FOR IMMEDIATE RELEASE

PRELIMINARY RESULTS OF ELECTION REGARDING MERGER

CONSIDERATION ANNOUNCED IN CROWN CASTLE’S

ACQUISITION OF GLOBAL SIGNAL

January 9, 2007 – HOUSTON, TEXAS—Crown Castle International Corp. (NYSE: CCI) and Global Signal Inc. (NYSE: GSL) today announced the preliminary results of elections made by Global Signal stockholders regarding their preferences as to the form of merger consideration they will receive in the pending acquisition of Global Signal by Crown Castle.
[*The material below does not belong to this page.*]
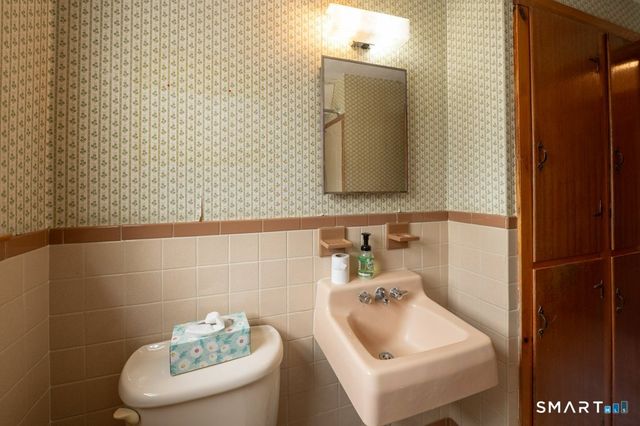 344 West Street, Southington, CT 06479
The election deadline for Global Signal stockholders to have made merger consideration elections in connection with the proposed merger expired at 5:00 p.m., New York City time, on January 8, 2007.

Of the approximately 70,713,364 shares of Global Signal common stock outstanding and eligible to make elections as of January 8, 2007:

 

  - 68,790,391 shares, or approximately 97.3%, elected to receive cash;

 

  - 1,844,662 shares, or approximately 2.6%, elected to receive Crown Castle common stock; and

 

  - 78,311 shares, or approximately 0.1%, did not make a valid election.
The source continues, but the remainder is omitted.